### [MATERIAL SUPPLIED]
####################
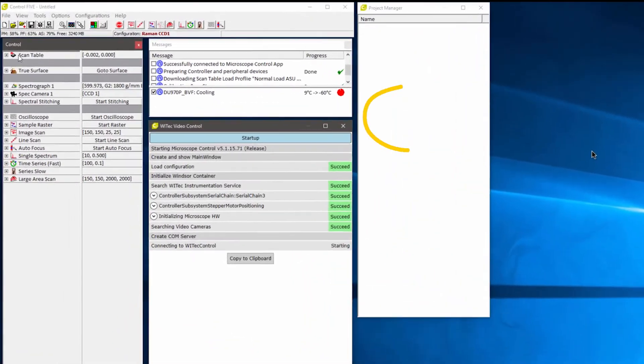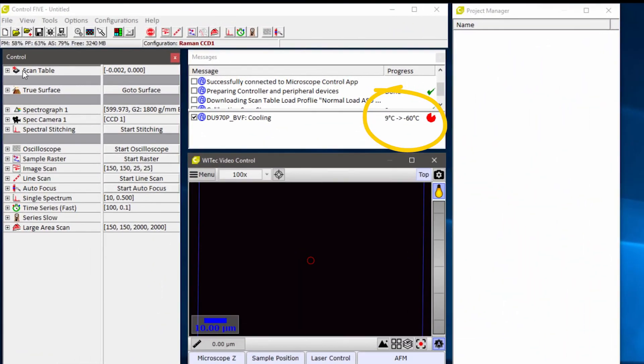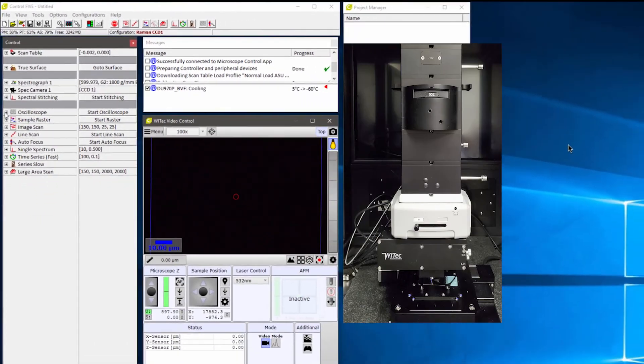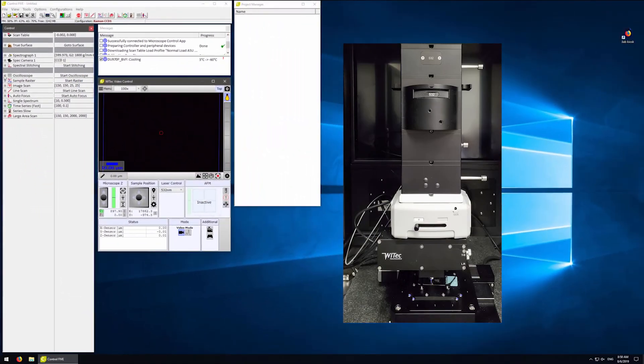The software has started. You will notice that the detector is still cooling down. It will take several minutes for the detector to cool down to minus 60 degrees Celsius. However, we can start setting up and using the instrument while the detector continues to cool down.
####################
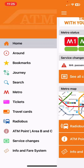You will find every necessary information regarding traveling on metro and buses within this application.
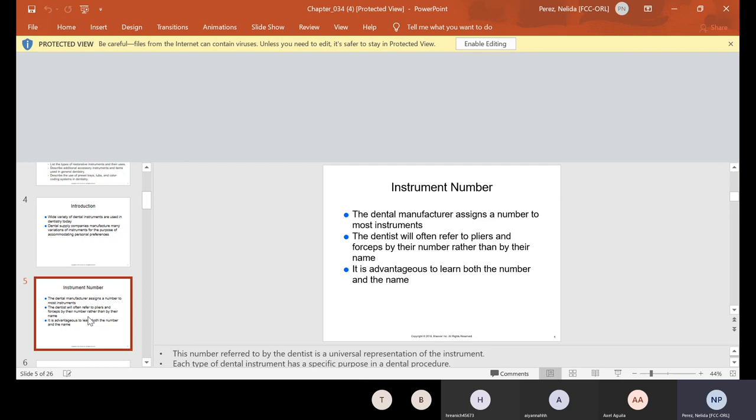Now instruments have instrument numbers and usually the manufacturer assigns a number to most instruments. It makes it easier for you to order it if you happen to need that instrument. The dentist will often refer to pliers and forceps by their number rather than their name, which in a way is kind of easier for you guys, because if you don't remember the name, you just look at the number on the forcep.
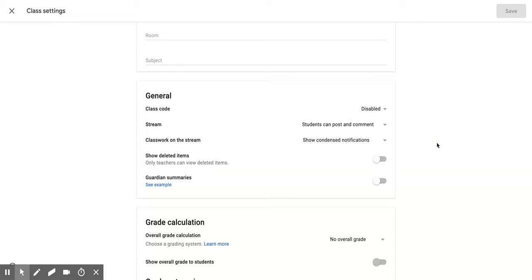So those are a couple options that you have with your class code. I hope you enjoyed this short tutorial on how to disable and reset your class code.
####################
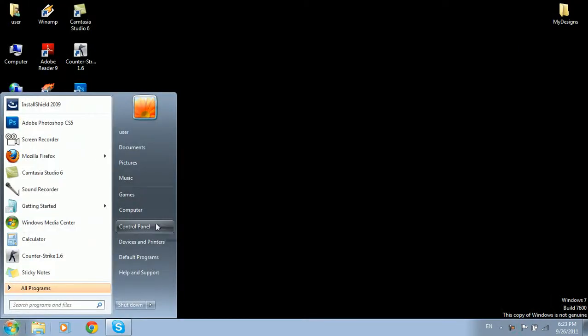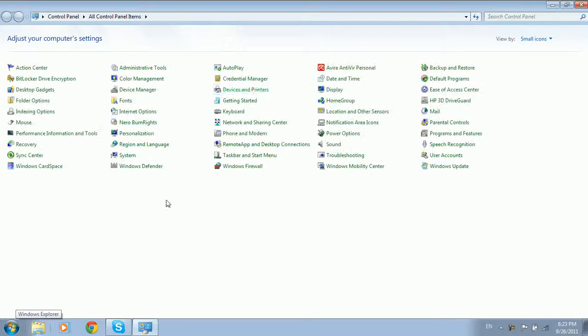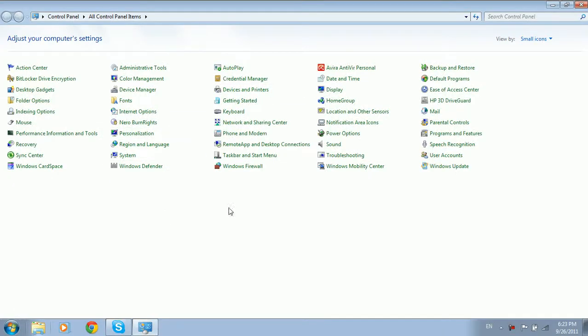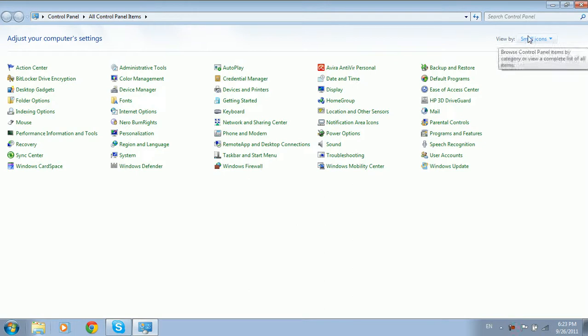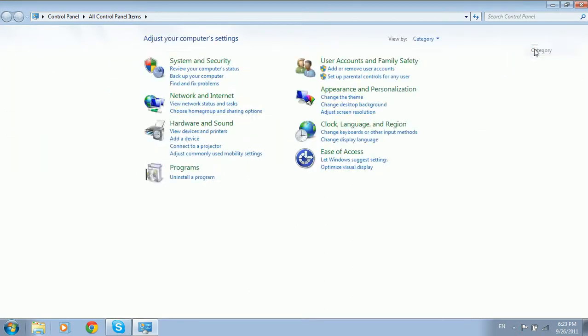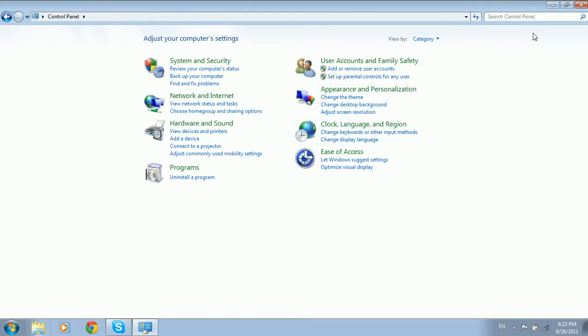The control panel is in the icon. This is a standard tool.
####################
### [TASK TO COMPLETE]
Output exactly those lines of the data above that run from the line with "You will find" up to and including the line with "Now instruments have". No pictures go in.

### [RESULT OF THE EXERCISE]
You will find every necessary information regarding traveling on metro and buses within this application.
Now instruments have instrument numbers and usually the manufacturer assigns a number to most instruments. It makes it easier for you to order it if you happen to need that instrument. The dentist will often refer to pliers and forceps by their number rather than their name, which in a way is kind of easier for you guys, because if you don't remember the name, you just look at the number on the forcep.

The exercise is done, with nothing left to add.